7 responses to “Analyst Quiz Part II

  1. I didn’t get a chance to leave a comment on Part 1, but I stand by my decision that he should exit that short position in gold and either exit gold completely or buy a small portion, roughly equal what his position was in treasury bonds (if he has any).

    My reasoning is that gold, as mentioned in previous comments, is an extremely misunderstood and odd precious metal. Gold does have commercial uses, beyond being “precious” and a “store” of value, so it’s not a completely useless, pretty rock – so it will always be worth something. But at least in this day and age, gold is the store of value for hardcore libertarians and paranoid conspiracy theorists, as most countries have left the Gold Standard a long time ago (including the US). So it seems to be that conservatives push pressure on the store of gold value much the same way momentum investors push the price of Facebook to absurd P/E ratios.
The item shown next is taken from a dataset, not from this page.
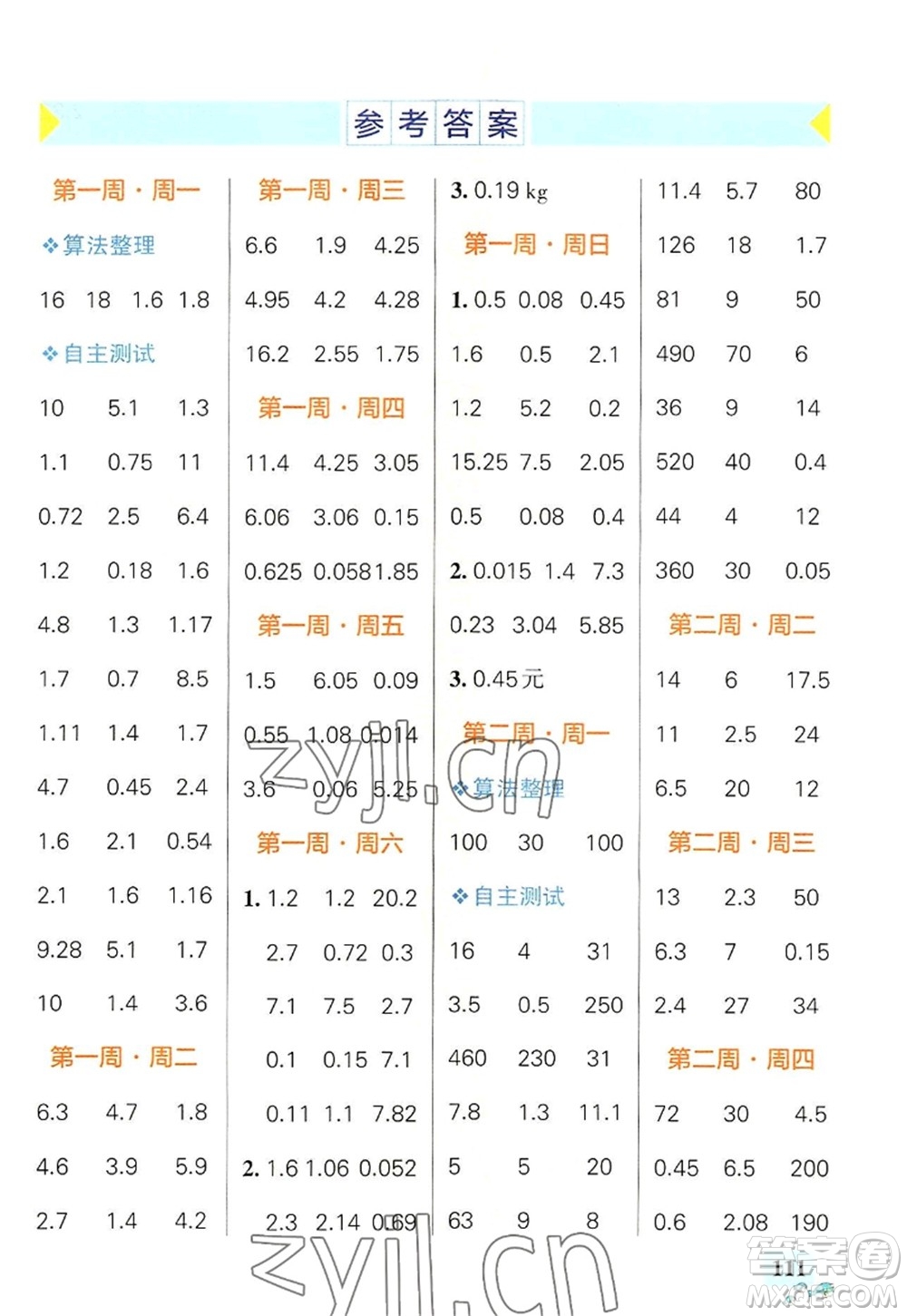 遼寧教育出版社2022PASS小學學霸天天計算五年級數(shù)學上冊BS北師版答案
    What this all means is that in spite of the irrationality in the price movement of gold (regardless of it’s inherent use and value as a metal), we do know that there are correlations between the macroeconomic environments and the price of gold. The two biggest macro factors right now that are driving down prices are the collapse in China, and more specifically the corresponding tanking of the value of the dollar leads to investors to trust in more traditional currencies than fiat – and thus gold rises when the dollar falls.

    The real issue is we don’t know how long these correlations will last – more specifically the dropping dollar along with the Chinese economy (or I guess the dollar dropping and gold rising).
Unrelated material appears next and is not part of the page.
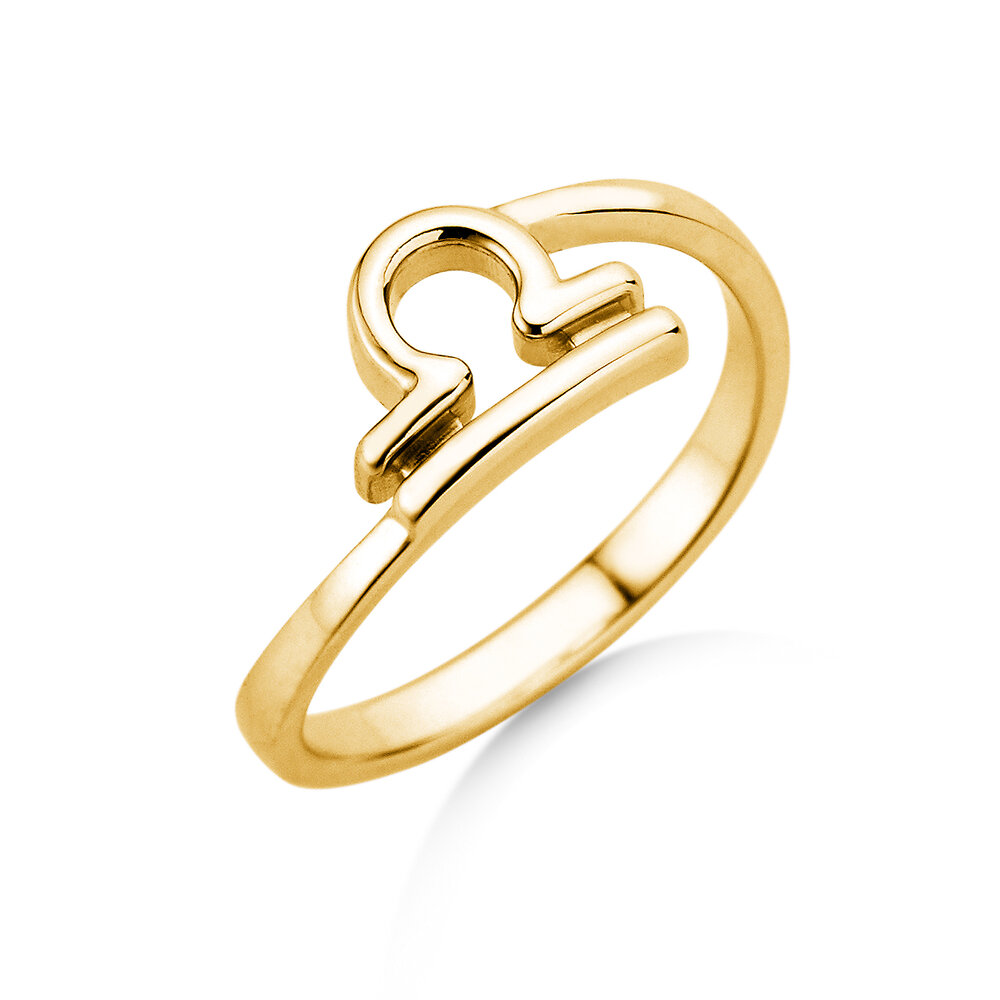 Ring Sternzeichen Waage in 18K Gelbgold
    • Do central banks own more gold than “Libertarians?”
      Why does the Fed own 8,000 tonnes of gold? Why does China’s CB buy gold? Are there Libertarians in the Chinese Communist Party?

      Why do ALL fiat currencies throughout history (over a 100 year time-frame) collapse to zero? Fiat Currencies Should money be a store of value? Why?
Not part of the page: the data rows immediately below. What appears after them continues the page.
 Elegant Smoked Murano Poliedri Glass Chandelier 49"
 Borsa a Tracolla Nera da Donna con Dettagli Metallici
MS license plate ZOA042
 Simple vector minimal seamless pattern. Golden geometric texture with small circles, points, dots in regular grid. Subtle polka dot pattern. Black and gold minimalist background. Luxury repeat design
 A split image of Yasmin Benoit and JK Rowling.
  2. If he wants to save face and not cover his losing gold position, I would suggest being long the Yen/Euro against the $USD, to neutralise the bet.

    I would then scour through the list of listed miners to find the miner with lowest AISC, and lowest ev/reserve ratio. This will give outsized exposure to a rising gold price, in the event that his gold short position is incorrect. the moner can be owned ona simple business cycle basis, that is, miners have gotten religion on driving for ROIC and cashflows, and are still on average 70% of their 5 year highs. A turn in Fed policy, because of the rapid unwind that is occurring in HY, spreading quickly to European financials will cause investors to revisit hard assets and emerging markets that have been so devastated by the global tightening that ensued since the Fed bagen to taper. Acquisition of high quality EM franchsies would also make sense if you can get the valuations to work. There is also still money to be made on the short side from VRX-like models, i.e. privte equity business masquerarding in the public domains, using cheap debt to make acquisitions to drive nominal sales sales growth. Examples would include TDG and SBAC, which are only now starting to break…. and if all of the above fails… just cover the gold short.

  3. If gold rises above $2,000 or so (a relatively small move) wouldn’t high ASIC miners do better?

    • True, but as a hedge on the short gold position which Ackman has, the low cost miner should generate better cashflows through the cycle, for a given gold price. An all in bet on a rising gold price I think, is a different trade than the one Ackman is trying to structure around his short gold position, in my view.

  4. You’d want to be looking up gold miners at deeply depressed prices who have optionality on their resources and good balance sheets and future access to credit and low costs while they wait for prices to go hyperbolic in response to a panic.

    • So Novagold (NG) might be one developer to look at. However, if interest rates move up as fast or faster than the price of gold, then the cost of capital will temper future returns. It ain’t easy so you have to diversify, but tough businesses require the best managements while Coke and Paychex (figuratively speaking) only need monkeys to run those businesses.